There are two ways via which the AWS Aurora automatically failover when the primary instance in a DB cluster uses single-master replication:

Creation of a new primary instance.
Promoting an existing Aurora Replica to the new primary instance.

The customization for the scenarios, when the AWS Aurora Replicas get promoted to the primary DB instance, is possible in case of failure. This can be done by easily assigning every Aurora replica a priority where the priorities range starting from '0' (representing the priority) to '15' (representing the last priority). Now when the primary DB instance disrupts or fails, then the AWS RDS promotes the Aurora Replica with better priority to the new primary instance. This priority of the AWS Aurora can be modified as per requirements where no failover is triggered while doing so. Also, more than one AWS Aurora replica can have a similar priority which results in promotion tiers. When this happens, then the AWS RDS promotes the AWS Aurora replica which is having largest. And when two or more AWS Aurora Replicas have the same priority as well as size, then the AWS RDS promotes the arbitrary replica of the same promotion tier.

Note: For AWS Aurora MySQL 2.10 (and higher version), the availability is improved during a failover with more than one reader DB instance in a DB cluster. The AWS Aurora only restarts the writer DB instance where only the reader DB instances remain available so that it can continue processing the queries to the reader endpoint.

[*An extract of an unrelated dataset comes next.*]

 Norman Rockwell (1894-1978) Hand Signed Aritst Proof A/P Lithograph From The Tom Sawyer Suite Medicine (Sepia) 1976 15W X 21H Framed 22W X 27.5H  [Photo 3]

High Availability with Amazon RDS Proxy

If you want your application to transparently tolerate any sort of database failure, implementing it with AWS RDS Proxy is the answer you need. You don't need to write complex failure-handling code to handle any of the database application failures. With AWS RDS Proxy, it's easier to bypass Domain Name System (DNS) caches, which eventually helps to reduce the failover times by up to 66% for Aurora Multi-AZ databases. The application connections are automatically preserved as the AWS RDS proxy automatically routes traffic to a new database instance.

Aurora High Availability Strategies

Under the AWS RDS suite, you get the AWS Aurora as a PaaS service which is a fully managed relational database management system (RDBMS) offering two compatibles that are, MySQL and Postgres. You might be thinking about how the High Availability strategies are affected by AWS aurora. To answer this, we need to understand that with AWS Aurora, AWS always keeps the storage and database engine separated based on the Separation of Concerns Principle.

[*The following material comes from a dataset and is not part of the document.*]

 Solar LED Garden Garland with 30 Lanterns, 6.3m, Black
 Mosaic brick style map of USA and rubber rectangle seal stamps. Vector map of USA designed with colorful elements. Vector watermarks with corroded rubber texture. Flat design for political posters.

Separation of Concerns Principle: An RDBMS run on the available hardware ensure that the implementation work within the limitations posed by the OS along with the hardware for accomplishing the features that are expected from a modern database. These features could be ACID-compliant transactions, replication, DML and DDL processing, high availability (HA), as well as fault tolerance. When the implementation runs only in an environment that is specifically designed for a database, the different responsibilities are separated into layers, that allow the database engine along with the storage engine to remain focused and specialized. This results in high availability in addition to improved performance – up to 5x more performance than stand MySQL and up to 3x more than standard PostgreSQL.

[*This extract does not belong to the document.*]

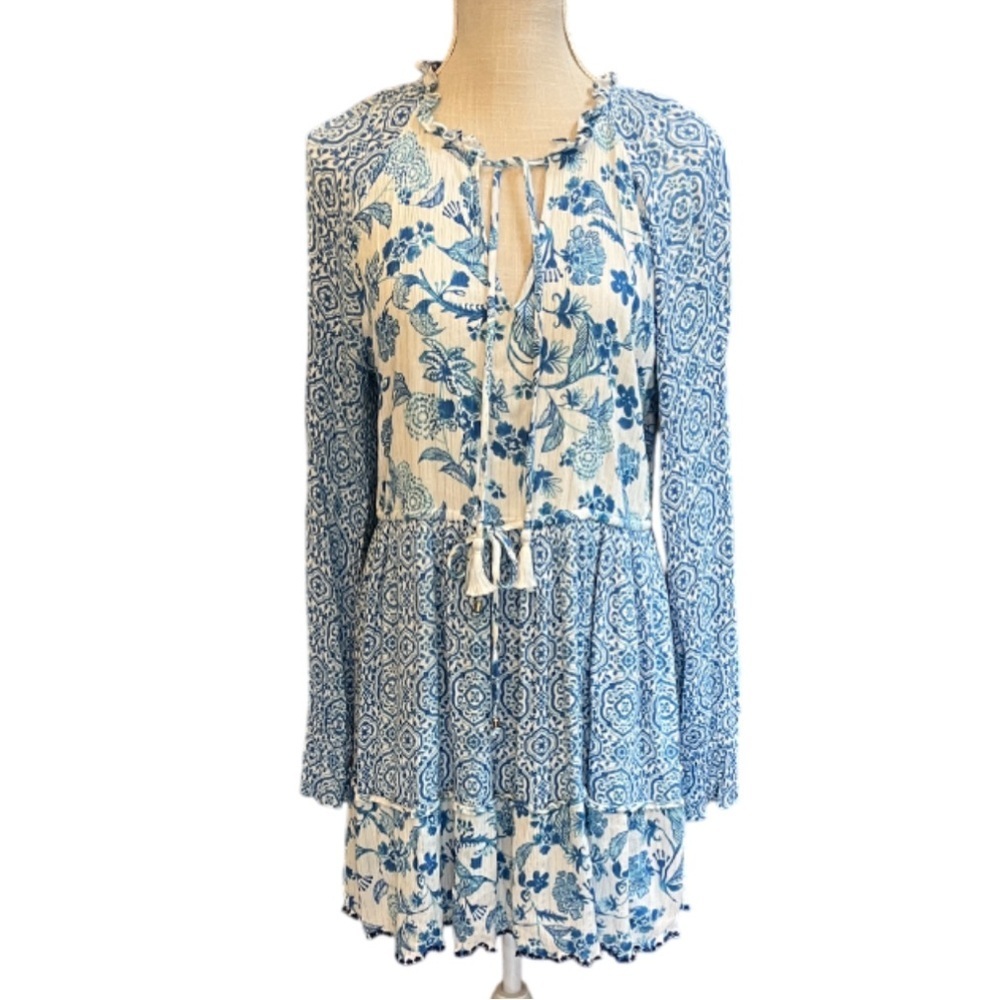 House of Harlow 1960 Blue Boho Floral Tiered Dress with Tassel Ties -Size M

With that being said, you might be thinking then how does a specialized database and storage engine offer high availability? Multiple ways to achieve high availability are offered as we shall be discussing in this section of the article, let us have a glance at how the AWS Aurora storage engine works for deriving high availability from its separation.

Once the data is written to the AWS Aurora storage engine, it is this engine that makes sure that the data is consistently, correctly, and durably written. The data is written in at least two locations of each of the three availability zones, which makes it a total of six different places. Now to maintain that all these complexities are correctly maintained, it is the storage engine that takes care of it. The database engine could also opt for a shoot-and-forget and don't have to worry if the data was written, transaction logs, the possibility of needing to recover, etc of it.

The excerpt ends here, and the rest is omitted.